The three-judge panel of the 11th Circuit Court of Appeals in its July 21 opinion found that the burden of Alabama’s voter ID law is minimal, and does not“violate the Fourteenth and Fifteenth Amendments of the Constitution, nor does it violate the Voting Rights Act.”
Merrill has argued that the state’s voter ID law is meant to deter in-person voting fraud and that the state makes available mobile photo ID units able to provide voters with the necessary IDs.
District Judge Darrin Gayles in his dissenting opinion wrote that voter fraud in Alabama is rare, and that “while there have been some limited cases of absentee voter fraud, in-person voter fraud is virtually non-existent.”
Gayles wrote that Merrill presented evidence of just two instances of in-person voter fraud in Alabama’s history.

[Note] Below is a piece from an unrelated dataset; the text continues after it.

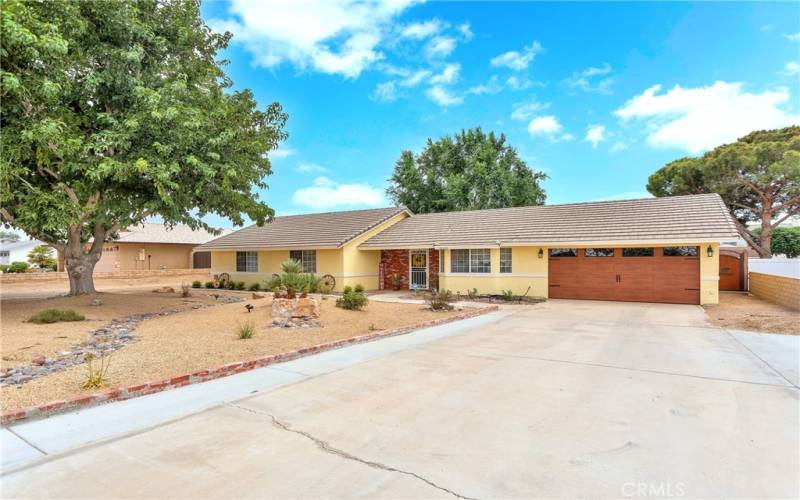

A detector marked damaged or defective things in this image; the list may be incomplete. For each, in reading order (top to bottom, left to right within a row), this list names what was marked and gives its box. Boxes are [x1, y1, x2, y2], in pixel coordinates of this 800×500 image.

driveway crack [228, 404, 476, 498]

“Despite the lack of in-person voter fraud, Secretary Merrill claims Alabama enacted the Photo ID Law to combat voter fraud and to restore confidence in elections — a dubious position in light of the facts,” Gayles wrote.
Gayles noted that former State Sen. Larry Dixon, R-Montgomery, before his retirement in 2010, sponsored similar voter ID bills.
“During this time, Senator Dixon made repeated comments linking photo identification legislation to race, including ‘the fact you don’t have to show an ID is very beneficial to the Black power structure and the rest of the Democrats’ and that voting without photo identification ‘benefits Black elected leaders, and that’s why they’re opposed to it,'” Gayles wrote in his dissenting opinion.
“It is clear from the statements of the legislators who enacted Alabama’s photo ID law that they passed it for the unconstitutional purpose of discriminating against voters of color,” said LDF senior counsel Natasha Merle in a statement Monday. “As long as this law is intact, Black and Latinx Alabamians will continue to be disproportionately excluded from the state’s electoral process.”
Attorneys in the filing Monday told the court that “roughly 118,000 Alabamians lack qualifying photo ID, and Black and Latinx voters are twice as likely to lack qualifying ID as compared to white voters. Given this evidence, a trial was required to determine whether HB19 violates the Fourteenth and Fifteenth Amendments.”